- **About this task**
Output exactly, and only, the stretch of lines beginning at the line with "Gold Beaded Bracelets" and ending at the last line of the listing below. Drop the pictures.

- **Given material**
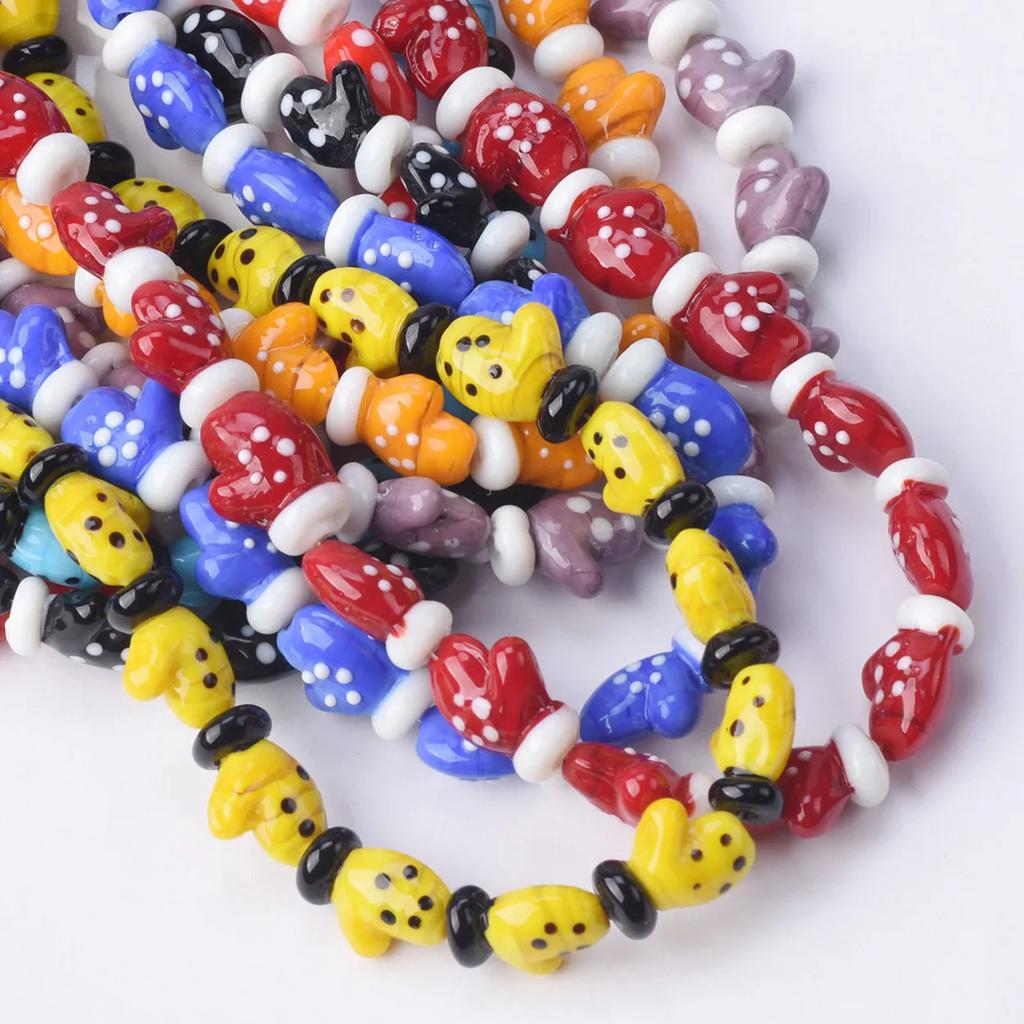 10pcs 18x14mm Glove Shape Handmade Lampwork Glass Loose Beads For Jewelry Making DIY Crafts Findings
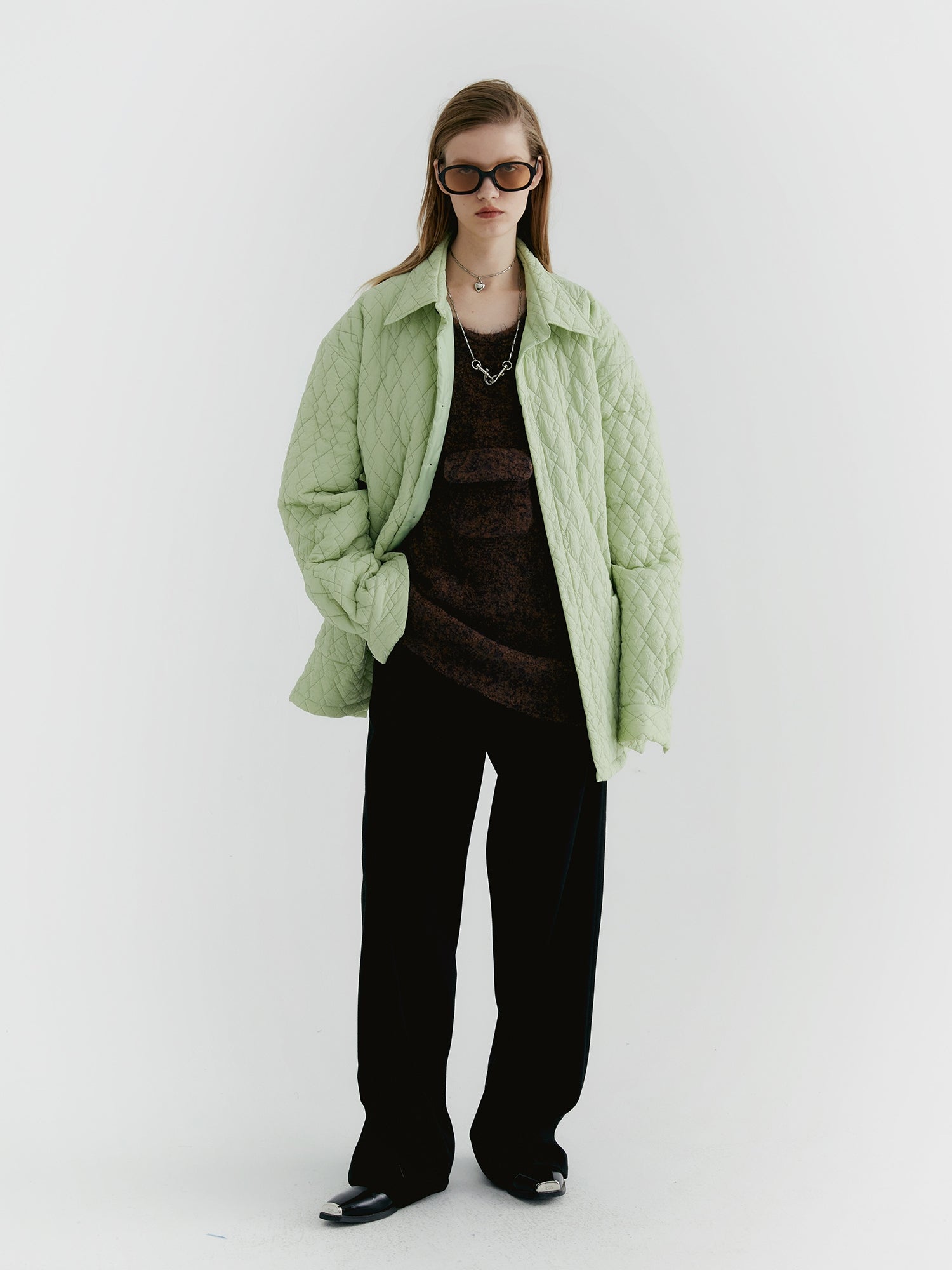 유엔 퀼팅 오버 사이즈 일반 재킷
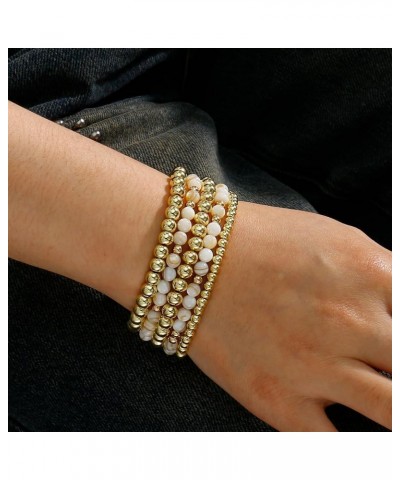 Gold Beaded Bracelets For Women White Black Beads Bracelets Gold Filled Bead Ball Stretch Elastic Stackable Layered Sets Tren...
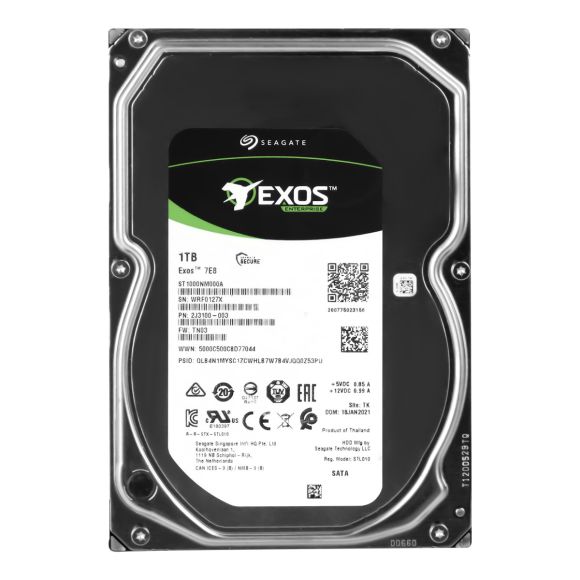 SEAGATE EXOS 7E8 1TB 7.2K 256MB SATA III 3.5'' ST1000NM000A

- **Result of this task**
 Gold Beaded Bracelets For Women White Black Beads Bracelets Gold Filled Bead Ball Stretch Elastic Stackable Layered Sets Tren...
 SEAGATE EXOS 7E8 1TB 7.2K 256MB SATA III 3.5'' ST1000NM000A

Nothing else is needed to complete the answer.